_AIM OF THE EXERCISE_
Drop the pictures and repeat the remaining data exactly.
*** Opening RAW DATA ***
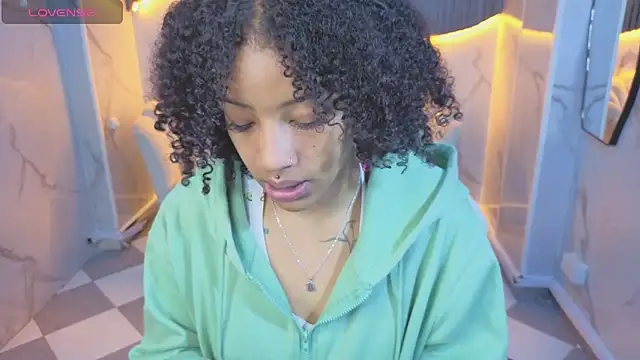 Violeth b online show from February 18, 2026, 12:56 pm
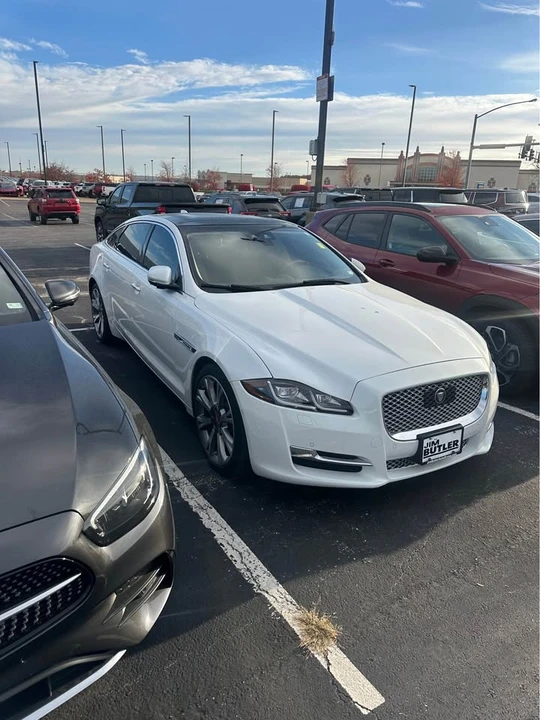2019 Jaguar X351 XJ - Image 3 of 6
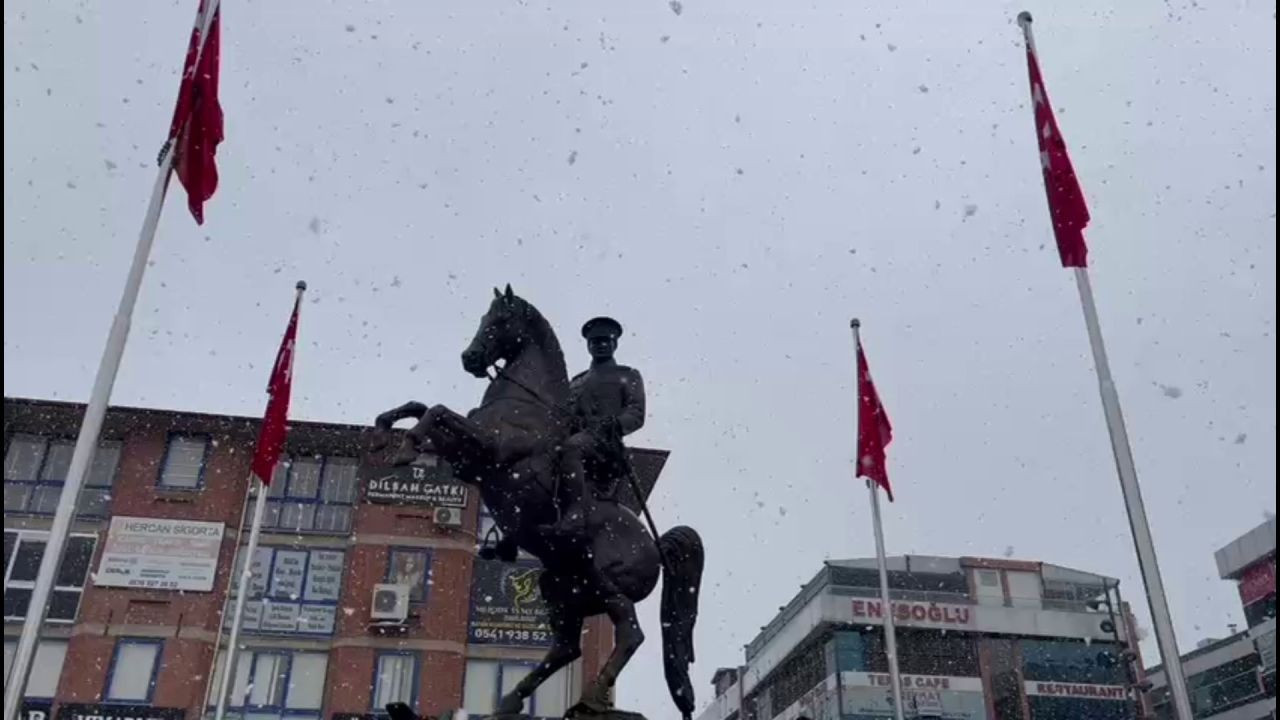 Tekirdağ’da Kar Sürprizi! Çerkezköy ve Kapaklı Beyaza Büründü - Sayfa 3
*** Closing RAW DATA ***
_SOLUTION FOR THIS PROBLEM_
 Violeth b online show from February 18, 2026, 12:56 pm
2019 Jaguar X351 XJ - Image 3 of 6
 Tekirdağ’da Kar Sürprizi! Çerkezköy ve Kapaklı Beyaza Büründü - Sayfa 3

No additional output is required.